◆ What is being asked ◆
In duplicating the lines below, keep every word unchanged and drop the pictures.

◆ Records for processing ◆
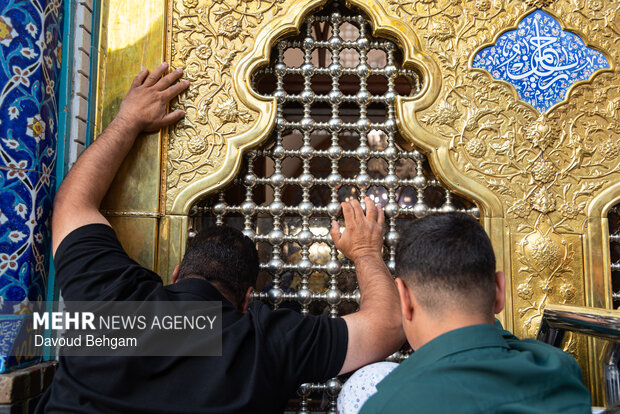 حال و هوای حرم رضوی در ایام ولادت امام رضا(ع)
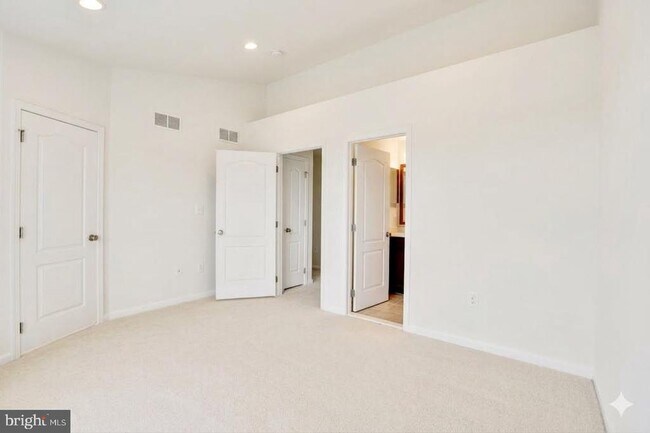 Building Photo - 43140 Whelplehill Terrace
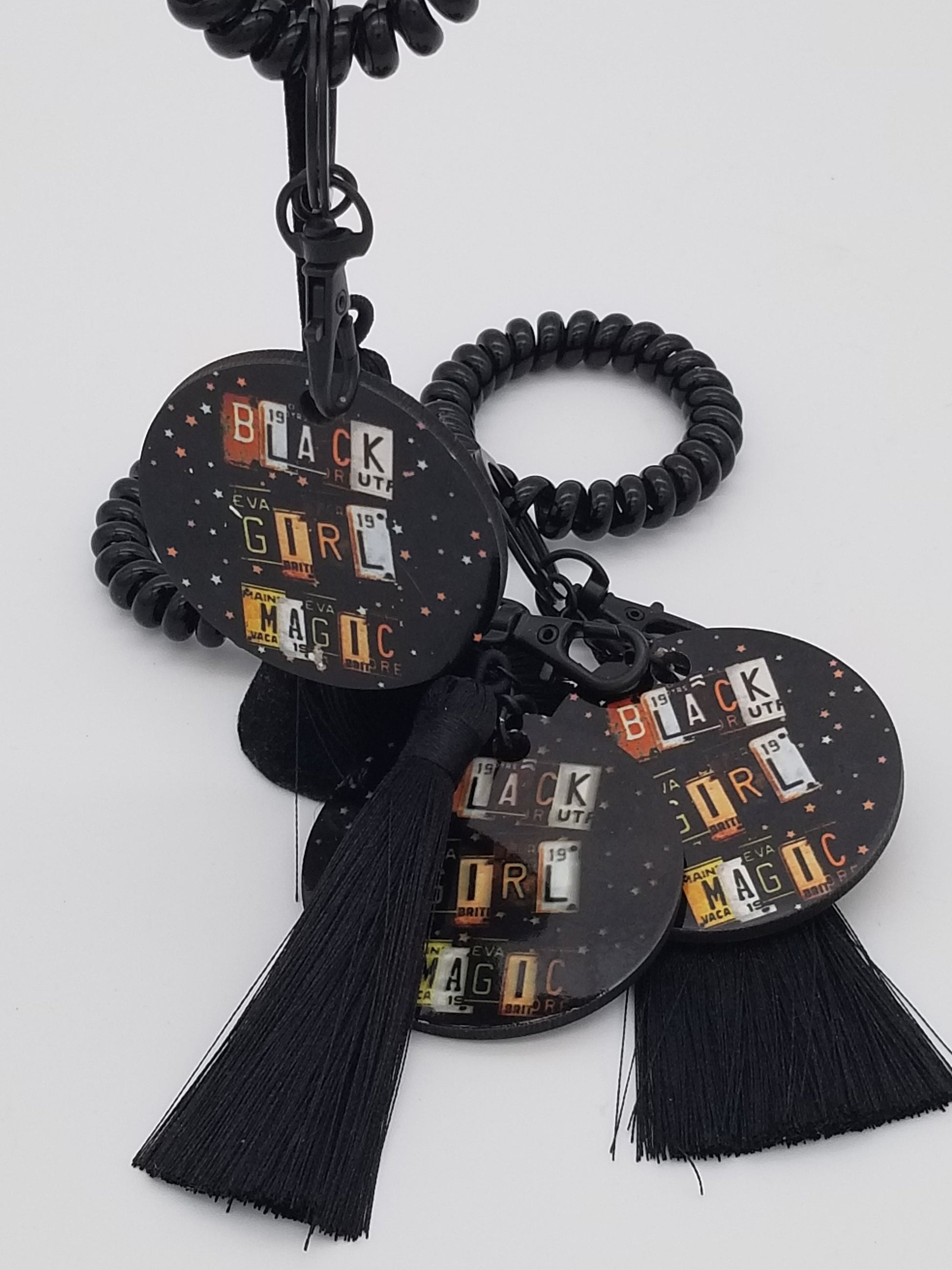 Black Girl Magic Key Chain - Women's Key Chain Jewelry With Free Coil Bracelet - Auntie's Expo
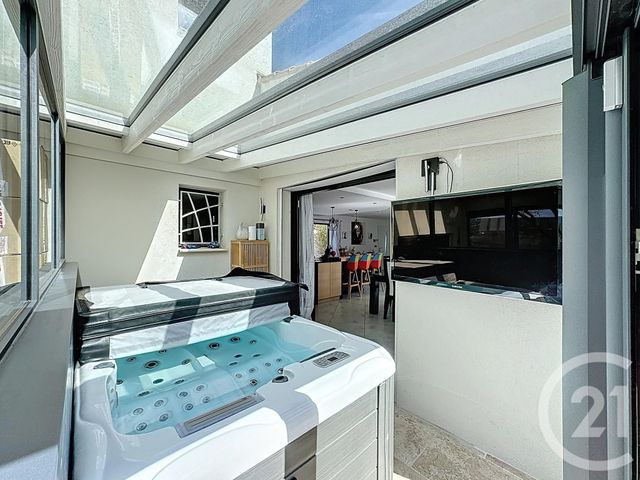 Maison à vendre - 5 pièces - 143 m2 - Pourcieux - 83 - PROVENCE-ALPES-COTE-D-AZUR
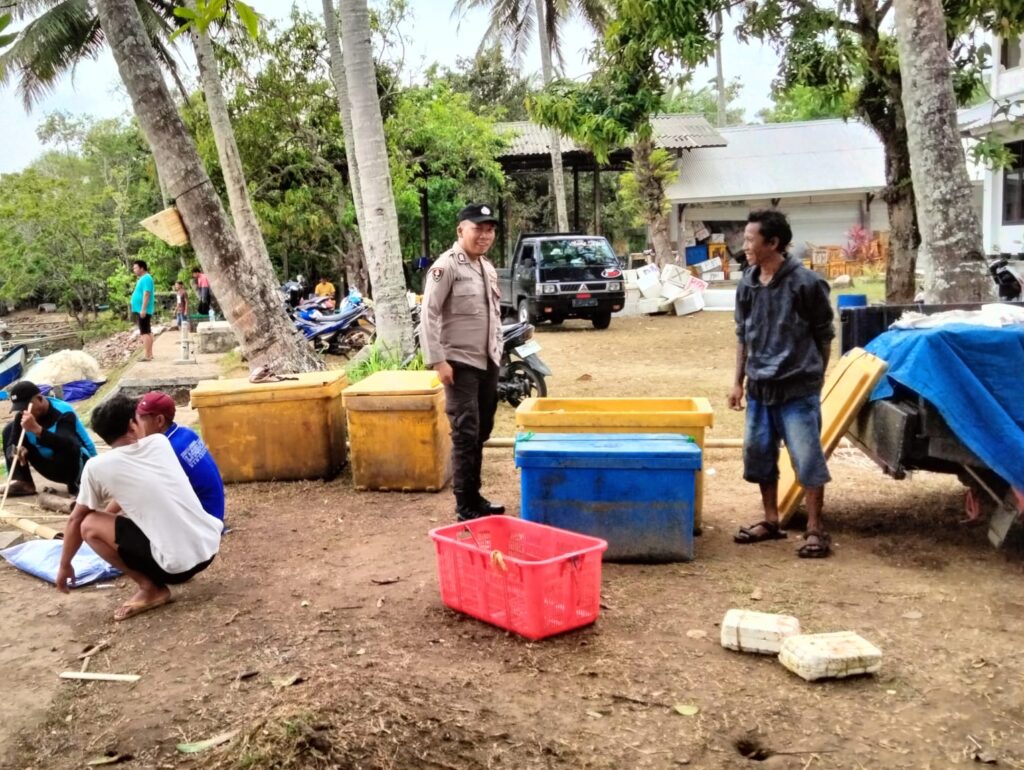 Polsek Cikeusik Lakukan Patroli Siang Untuk Ciptakan Situasi Kamtibmas yang Aman dan Kondusif 4 WhatsApp Image 2024 05 02 at 18.25.32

◆ Problem solution ◆
 حال و هوای حرم رضوی در ایام ولادت امام رضا(ع)
 Building Photo - 43140 Whelplehill Terrace
 Black Girl Magic Key Chain - Women's Key Chain Jewelry With Free Coil Bracelet - Auntie's Expo
 Maison à vendre - 5 pièces - 143 m2 - Pourcieux - 83 - PROVENCE-ALPES-COTE-D-AZUR
 Polsek Cikeusik Lakukan Patroli Siang Untuk Ciptakan Situasi Kamtibmas yang Aman dan Kondusif 4 WhatsApp Image 2024 05 02 at 18.25.32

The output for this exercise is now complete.